For the last year, the US has been running hybrid operations against Greenland, ignoring the protestations of both its government and of Nato member Denmark, which has sovereignty over the territory. This began in January 2025 ahead of Trump’s inauguration, with the arrival of Donald Trump Jr in Greenland’s capital, Nuuk, to host a group of Maga-hat wearing locals for a slap-up lunch. The group was joined (via speakerphone) by Trump Sr, who apparently reassured them: “We’re going to treat you well”. 

In March, Trump told Congress that “one way or another” the US would “get” Greenland, offering it the option of becoming a 53rd state (though opinion polling suggests that 85% of Greenland’s 57,000 are opposed to this.) By August, the Danish press was reporting on US “influence operations” in Greenland, including “at least three American men with ties to the US president and the White House [who have been] active in Greenland for a long time through various networks and contacts”. One was reportedly drawing up a list of potential supporters of a pro-Trump secessionist movement, along with another of known opponents. Denmark was concerned enough to summon the US ambassador to explain. Then, before Christmas, Trump appointed a “special envoy” to Greenland – the Republican governor of Louisiana Jeff Landry – who said it would be an “honor to serve” in a “volunteer position to make Greenland part of the US”. Denmark, once again, demanded answers. 
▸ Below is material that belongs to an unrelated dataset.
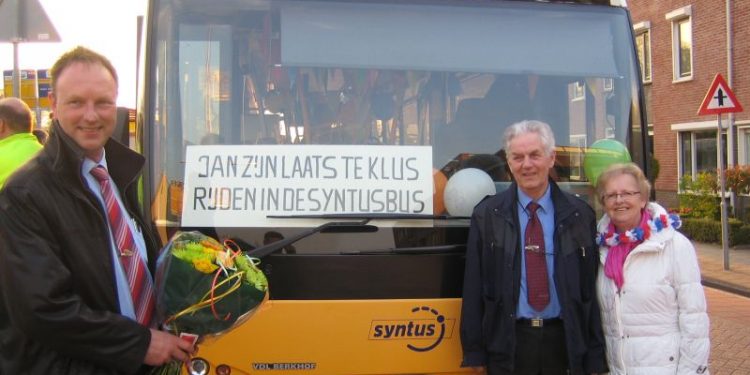 HoltensNieuws.nl Jans laatste busrit Jans laatste busrit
This ramping-up of pressure against Greenland fits perfectly with the White House’s new national security strategy, released in November. The short document details Washington’s turn against the so-called “rules-based order”. Reviving the Monroe Doctrine, first formulated by President James Monroe in 1823 as a demand for non-interference by European powers across the Americas, the new strategy proposes a “Trump corollary” to the original doctrine: to restore what it calls “American pre-eminence in the western hemisphere,” and to deny “non-hemispheric competitors [like China] the ability to position forces or other threatening capabilities, or to own or control strategically vital assets”. On this basis, Greenland, still claimed by Denmark, would fall well inside the US’ new definition of its own interests and strategic posture. 
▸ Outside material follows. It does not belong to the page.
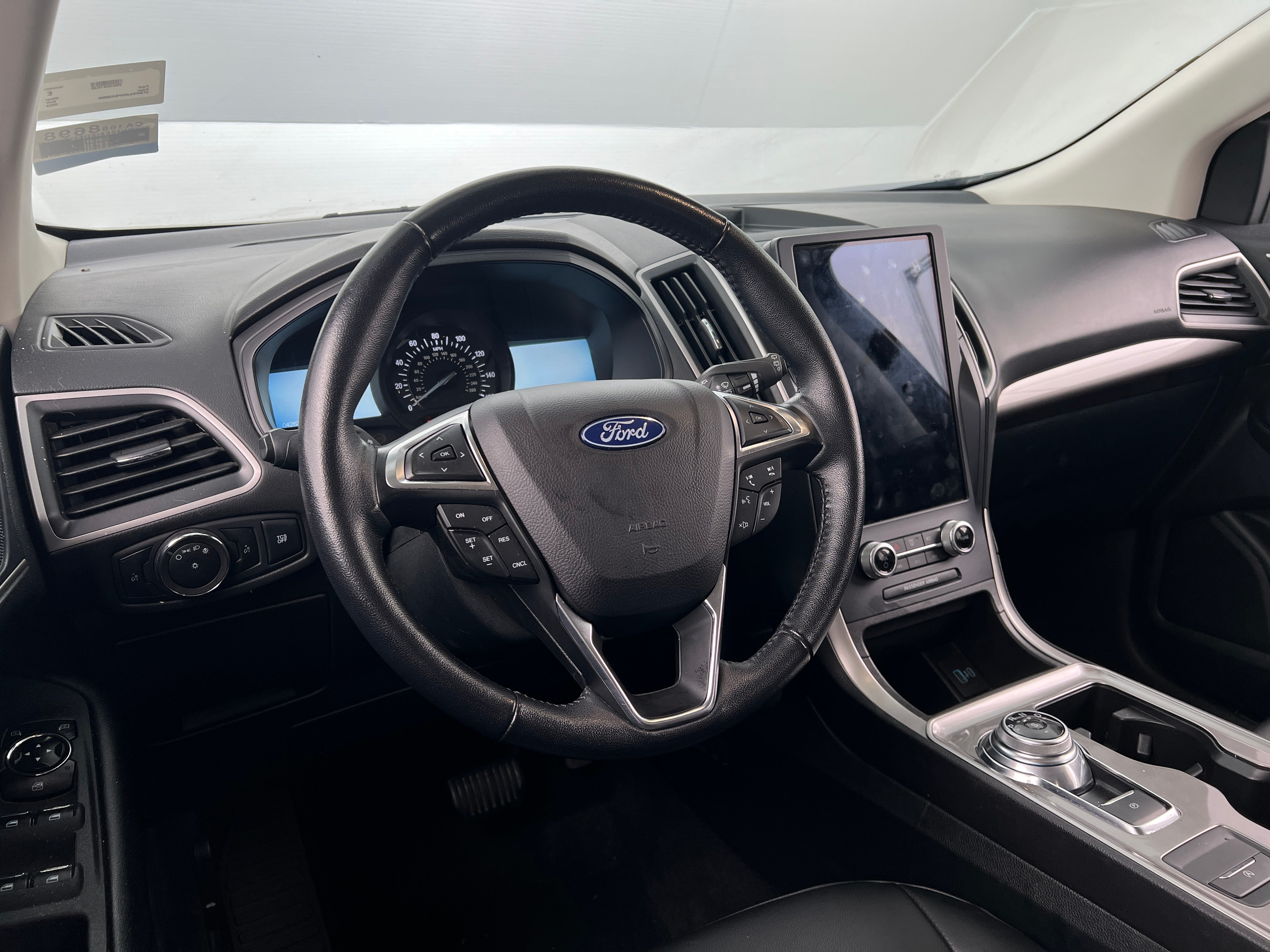 2023 Ford Edge SEL 3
Then there’s the growing conflict for raw materials worldwide. Rising demand for electricity is provoking rising demands for minerals like lithium for batteries, copper for wires, and critical minerals essential for building electronic components for products from phones to weapons systems. This is a deep shift in capitalism’s energy use – from overwhelming reliance on fossil fuels, notably oil, to a rapidly growing share of renewables, and of electricity (whether renewably generated or not) as a power source. China is leading the way here: dominant supplier of 19 out of 20 critical minerals surveyed by the International Energy Agency, it has also developed a commanding position in key technologies like electric vehicles (EVs), with China’s BYD recently overtaking Tesla as the world’s biggest EV manufacturer. 
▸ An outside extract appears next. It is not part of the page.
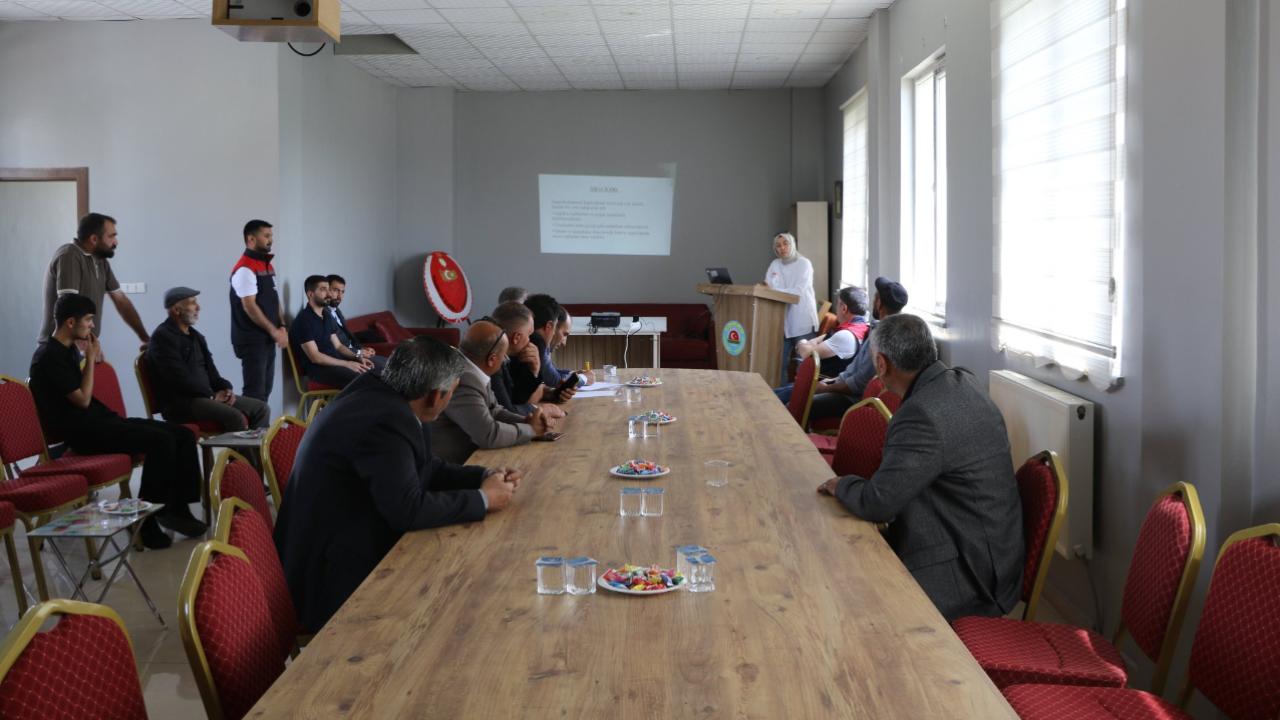 Eleşkirt’te süt toplama merkezi kuruluyor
The US, beneficiary of the “shale revolution” in drilling for oil and gas that saw the country become, under Biden, a net exporter of fossil fuels for the first time in decades, remains locked in to high-carbon energy sources, with Trump doubling down on fossil fuels. This may explain his preference for talking up Greenland’s strategic location over its mineral wealth. But an EU survey found that 25 of the bloc’s 34 named critical minerals were present on the island, and a rush of investment has seen major new mines open in recent years. Greenland is one of the fastest-warming places on the planet, and as the ice melts, the cost of mining (or drilling for its oil and gas reserves – currently banned by the government) begins to drop. 

And as the ice retreats, the geography of the Arctic is changing rapidly. China’s first containership to take the new, ice-free Northern Sea Route on a commercial run docked in Felixstowe in October, halving the usual journey time via the Suez Canal. The build-up of military hardware has also picked up: in 2022, Nato forces undertook their biggest Arctic exercises since the Cold War, UK troops and ships joining 27,000 others in the far north for “Exercise Cold Response”. Last year, Russia’s Zapad-2025 exercises saw cruise missile launches beyond the Arctic Circle and the enforcement of a huge exclusion zone off Norwegian coastlines. The far north is rapidly becoming a new military faultline.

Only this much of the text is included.